The flat sections (yard and engine terminal) have the track laid directly on the foam--no cork. The track is screwed to the foam using glued wall anchors. I lay the track down, drill thru the ties where I want screws, lift the track up, drop a drop of Gorilla glue into the hole and insert a plastic wall anchor. I use the #8 black phillips screws recommended by Gargraves on their site and Hillman 7/8 inch size 8-10 "plastic anchors". Then I lay the track back down and screw thru the ties into the wall anchors half way. The next day, or after the glue dries, I tighten the screws down. This holds the track as tight as anyone would want.

For hills, my approach is not based on 1/2 inch or thicker plywood. I am just bad with wood. So I had to do it some other way.

To run track up grades, I stretch the track out in the curve that I want using cardboard boxes and other temporary props to support it in what will be its' approximate final position. Then I use the track as a guide to cut a piece of 1/8 inch luan to the track curve shape. Meanwhile,  I mount 2 inch thick foam risers cut to the heights needed to make the grade from the benchwork to the grade height for each stretch of track. Then I gorilla-glue the foam risers to the benchwork  clamped or weighted down temporarily as needed to hold the foam risers in place until the glue dries.
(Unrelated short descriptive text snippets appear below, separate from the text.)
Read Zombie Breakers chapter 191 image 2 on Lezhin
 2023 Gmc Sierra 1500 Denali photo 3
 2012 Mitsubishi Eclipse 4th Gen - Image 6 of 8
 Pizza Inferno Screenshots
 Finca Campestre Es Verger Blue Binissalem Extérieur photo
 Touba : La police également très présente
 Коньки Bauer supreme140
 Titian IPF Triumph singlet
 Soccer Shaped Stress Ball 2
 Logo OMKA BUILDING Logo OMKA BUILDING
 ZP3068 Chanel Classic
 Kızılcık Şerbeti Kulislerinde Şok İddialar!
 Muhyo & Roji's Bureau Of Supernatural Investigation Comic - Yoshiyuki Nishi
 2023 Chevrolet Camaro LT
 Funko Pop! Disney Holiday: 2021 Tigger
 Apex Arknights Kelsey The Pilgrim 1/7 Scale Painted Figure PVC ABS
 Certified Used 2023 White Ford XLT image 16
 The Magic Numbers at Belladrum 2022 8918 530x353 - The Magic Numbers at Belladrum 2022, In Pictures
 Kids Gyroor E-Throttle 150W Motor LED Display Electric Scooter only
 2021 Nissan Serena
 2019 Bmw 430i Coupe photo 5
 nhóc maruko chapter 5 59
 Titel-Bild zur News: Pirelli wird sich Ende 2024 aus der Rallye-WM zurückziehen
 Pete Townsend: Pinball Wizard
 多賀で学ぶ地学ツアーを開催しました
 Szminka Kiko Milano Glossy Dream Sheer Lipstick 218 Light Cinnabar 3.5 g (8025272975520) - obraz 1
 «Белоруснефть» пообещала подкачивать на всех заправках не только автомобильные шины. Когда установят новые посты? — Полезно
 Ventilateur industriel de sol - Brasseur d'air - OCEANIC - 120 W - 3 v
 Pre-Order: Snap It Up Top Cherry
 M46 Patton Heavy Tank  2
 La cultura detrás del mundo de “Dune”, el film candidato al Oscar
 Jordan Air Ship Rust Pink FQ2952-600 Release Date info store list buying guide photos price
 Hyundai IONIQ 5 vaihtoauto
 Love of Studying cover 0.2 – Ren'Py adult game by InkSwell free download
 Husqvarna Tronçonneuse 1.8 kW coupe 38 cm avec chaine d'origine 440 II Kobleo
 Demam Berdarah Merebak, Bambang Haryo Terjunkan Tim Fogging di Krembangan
Once the glue dries, I lay the luan on top of the foam risers  and glue the luan to the risers. Once that glue dries, I put cork on top of the luan and I screw the track down into the luan, through the cork. I do not glue the cork or track--out of concern for transmitting excessive noise through the track and cork to the layout.

Pix of some of my process and results are attached. I have only recently finished laying all of my track on this 16x17 foot layout using this method. Any place where I doubted the sturdiness of the structure, I just added more risers under the luan. It ain't 1/2 inch plywood. But it sure is strong enough for O gauge trains!

Let us know how you're getting along.